Il recupero all’interno della cerchia dei Navigli per tratti, comporterebbe costi enormi (dicono 800 milioni di euro, ma prevediamo, l’esperienza ci insegna, come  va a finire coi soldi) e tempi biblici. Bello nel sogno, ma ripeto utile?

Ed ecco che a tutto questo, contemporaneamente, si dovrà associare la riqualificazione degli Scali Ferroviari.  Mi domando se si è pensato o si sta pensando ad un disegno urbanistico d’insieme della città? Tutti questi lavori comporteranno una città sottosopra per almeno 50anni!  Senza contare eventuali ricorsi e controricorsi, già annunciati.

Infatti si è a conoscenza che diverse associazioni milanesi si sono raccolte in un gruppo denominato “Comitato Cambiamenti Climatici” (esiste ancora?) a cui hanno aderito 36 sigle, la quale intende intraprendere azione legale (riferito agli Scali), ricorrendo al TAR e, se possibile, anche con una azione parlamentare.

Se tanto mi da tanto penso che lo faranno pure per i Navigli, il cui inizio lavori è previsto per il 2020. Nel contempo, in un’altra parte della città, si sta lavorando per la linea metropolitana la n. 4. 

Se con gli Scali Ferroviari si dovrà cogliere l’occasione per rigenerare la città, soprattutto riqualificando le periferie, con la riapertura dei Navigli avremo nel territorio un cantiere aperto perenne con un forte impatto sulla città medesima. 

Quindi mi domando come faranno a colloquiare, i promotori, con gli interventi nell’ambito della viabilità, della qualità, dell’ambiente, del potenziamento del trasporto pubblico, dei servizi, del verde pubblico, dei grandi parchi e della ricucitura tra i vari quartieri con connessioni di ossatura urbanistica, senza creare un stand-by totale?

Hanno pensato a relazionare ed informare preventivamente la cittadinanza che questi macro interventi avranno vita in un futuro prossimo ravvicinato?

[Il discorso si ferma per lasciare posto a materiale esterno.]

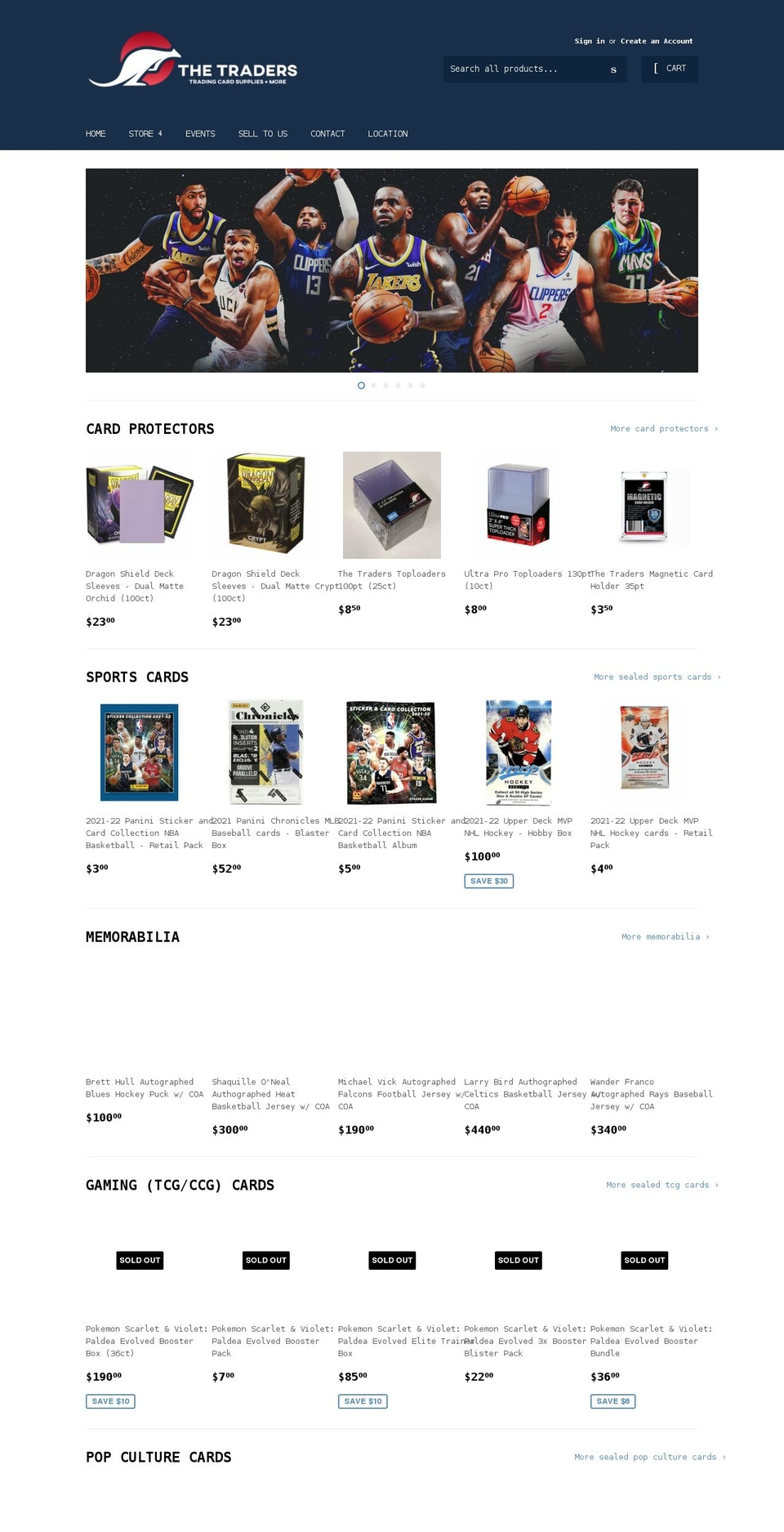 thetraders.com.au shopify website screenshot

Relazionando non devono parlare solo dei Navigli, ma far presente che simultaneamente si opererà anche sugli Scali, con tutto quel che ne consegue.  Soddisfare un revival storico è bello, ma la vivibilità nel periodo come sarà? La sicurezza? Il clima? Le attività? Saranno soddisfatte?

Ho votato al referendum sulla riapertura dei Navigli, ma non pensavo, allora, agli Scali. 

Per compiere tutto ciò occorre competenze specifiche, una buona governance, condurre questa idea col buon senso e non impantanarsi in buchi neri ove si avvicenderanno interessi economici e politici a discapito dei cittadini. 

Si desidera la città invivibile fino a quando i lavori saranno terminati, cioè per tre generazioni?